A businessman entered the plane and found his seat next to a woman. After chatting about trivial matters for a brief time, the man propositioned her. “I’ll give you one million dollars if you sleep with me.” Offended by the offer, she adamantly refused, and their conversation abruptly ended.
Part way through the flight, the woman turned to him and said, “Would you really give me a million dollars to spend one night with you?”
“Of course,” the man replied.
The woman took a deep breath and said, “Ok, I’ll do it.”

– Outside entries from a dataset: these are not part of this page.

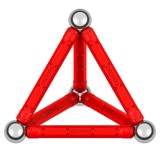 Magnetinis konstruktorius - Klasikinis – Geometrija (24 vnt.)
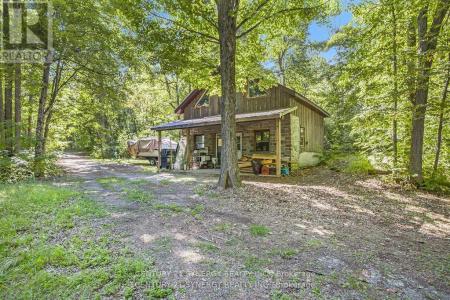 56 KELLY ROAD, Rideau Lakes, أونتاريو K0G 1X0, كندا 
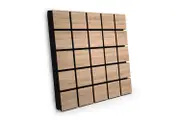 Elite Sound Acoustics 50mm Panel Foam For Auditoriums (Grid Sonoma)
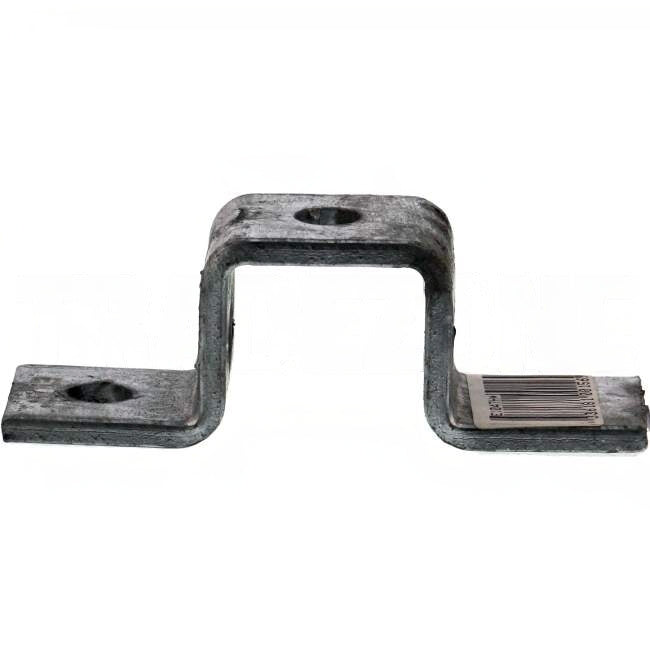 Ezystrut Cable Tray U Fitting Hot Dipped Galvanised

They talked for a little while longer, getting to know each other. Towards the end of the flight, the man said, “I’d like to renegotiate our terms. I’d still like you to spend one night with me, but instead of a million dollars, I will offer you ten dollars.”
The woman became incensed. “Are you kidding me?” she said. “What kind of woman do you think I am?”

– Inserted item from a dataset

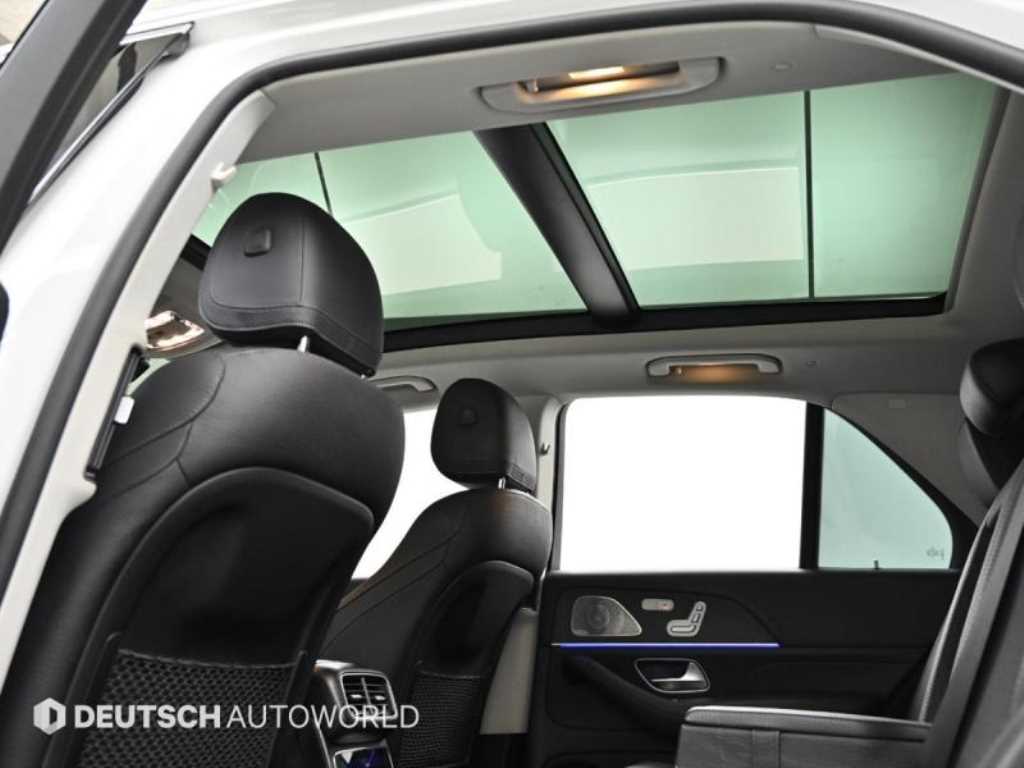 Mercedes Benz GLE Class 2022 Blanco - Importación desde Corea - HF Imports Iquique - Foto 19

“We’ve already established what kind of woman you are,” he said. “We’re just re-negotiating the terms.”
It seems like just a short time ago, Brock Turner’s face lined the walls of social media. For a few weeks, the world was outraged at how this Stanford student brutally sexually assaulted a fellow student who laid unconscious on the ground. When we learned that the newspaper that reported the story touted his swimming records in the same article it depicted this monstrous crime, we, as a collective society, were pissed. And when Santa Clara County Superior Court Judge Aaron Persky sentenced Turner to a mere six months prison sentence because he was a good swimmer, we were going to remind everyone of the failings of our legal system. Together we cried, “How unjust to overlook a moral atrocity because the assailant was good at something. Hell no! Rape is rape.”
Just a few weeks ago, Brock’s mug surfaced again all over social media when we found out he got paroled a mere three months into his prison sentence. And once again, whatever fame Brock achieved in the swimming pool paled in comparison to his infamy on social media. He truly was the most despised man in America. It didn’t matter that he could swim really fast.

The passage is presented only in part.